O plano de urgência que se impõe
J.-M. Nobre-Correia
Fala-se muito do futuro do grupo proprietário do Diário de Notícias e do próprio jornal, quando as razões para os salvar são por demais evidentes…
Iremos nós ficar ainda mais pobres? É que a paisagem da imprensa de informação geral em Portugal é já singularmente mísera. Sobretudo a da imprensa diária. Com a área e a demografia que são as suas, Portugal conta inacreditavelmente menos diários generalistas do que países europeus até mais pequenos como a Bélgica, a Suíça, a Áustria, por exemplo.
Ora os dois primeiros contam populações de diferentes línguas. E, se excetuarmos o romanche suíço ultraminoritário, nenhum deles dispõe de língua própria, recorrendo à(s) de países limítrofes. Pelo que o potencial de difusão da imprensa nas diversas regiões linguísticas é limitado. Não impede que neles haja diários com por vezes centenas de milhares de exemplares de difusão paga, apesar de os seus cidadãos poderem preferir ler os dos grandes vizinhos e não os do próprio país.
A situação portuguesa é pois inacreditável para qualquer conhecedor da informação escrita na Europa. O chamado “interior” ao longo da fronteira leste e a sul do Tejo é totalmente desprovido de diários autóctones (com uma pequena exceção em Évora). Diários “regionais” há publicados na faixa oeste do continente, em Braga, Aveiro, Viseu, Coimbra e Leiria, para além dos da Madeira e dos Açores, nenhum deles tendo a pretensão de propor uma atualidade nacional e internacional, em termos políticos, económicos e culturais, suscetível de dispensar a leitura dos “nacionais”.
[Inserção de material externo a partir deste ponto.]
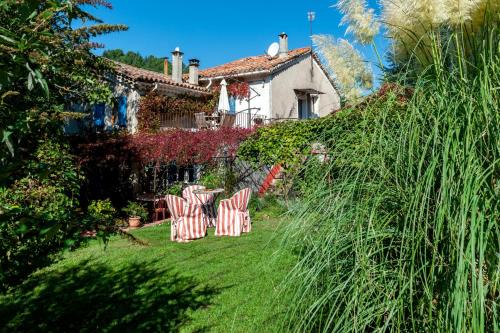 Chamborigaud House | Gîte La Ribeyrette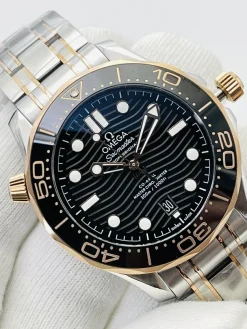 OMEGA Seamaster Automatic (Black Dial) 42mm VS A700202608050269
Porém, a situação destes “nacionais” está quase reduzida à sua mais simples expressão: um único título no Porto, Jornal de Notícias, três em Lisboa, Correio da Manhã, Diário de Notícias e Público. Todos eles com circulações baixíssimas, tomando em consideração vendas e assinaturas das edições em papel e em digital. O que não impede que se fale há longos meses do desaparecimento possível do Diário de Notícias…
Depois do 25 de Abril, outros diários históricos desapareceram, é certo: O Século, Diário de Lisboa e Diário Popular, em Lisboa, O Comércio do Porto e O Primeiro de Janeiro, no Porto. Por que procurar então manter em vida o Diário de Notícias? Porque é uma instituição da história do jornalismo nacional: o seu lançamento em 1 de janeiro de 1865[1] marca o início da era industrial da imprensa. E ao longo de mais de um século e meio de existência, acompanhou em maior ou menor grau as viravoltas políticas da sociedade portuguesa. Mantendo sempre um estatuto particular no universo da informação jornalística, numa subtil dosagem que visa simultaneamente meios dirigentes e leitorado da classe média. Ao mesmo tempo que, como The Times em Londres, Le Soir em Bruxelas ou Corriere della Sera em Milão, diários que se confundem com a própria história da cidade onde nasceram, o Diário de Notícias está intimamente ligado à de Lisboa.
O desaparecimento do Diário de Notícia significaria uma acentuação da pobreza da imprensa diária nacional. Deixando a situação entregue a uma informação escrita proveniente apenas do Correio da Manhã e do Público. E se o primeiro já se encontra em preocupante situação de monopólio nos meios populares e de baixa gama média, a informação que se quer de referência ficaria entregue unicamente ao Público. O que seria muito longe de ser salutar para a democracia pluralista e para o próprio jornalismo, desprovido de uma sã concorrência e da vontade de fazer melhor que o outro, propondo uma atualidade com uma sensibilidade diferente, com outros ângulos de abordagem, de perspetivação e de análise da atualidade.
Poderá então o novo governo que vai entrar em funções, esquecer os princípios neoliberais proclamados e fazer o que os últimos governos socialistas não souberam nem quiseram fazer, concebendo um programa de relance da imprensa diária em Portugal? Um programa de urgência se impõe, em todo o caso, para salvaguardar o Diário de Notícias, a bem do jornalismo de qualidade e do pluralismo da informação…
[1] Tradicionalmente, o aniversário do Diário de Notícias é assinalado em 29 de dezembro, dia em que, em 1864, um folheto anuncia o lançamento de um novo jornal. Mas o primeiro número do jornal data de 1 de janeiro de 1865.
Texto publicado no Diário de Notícias, Lisboa, 26 de março de 2024, p. 14.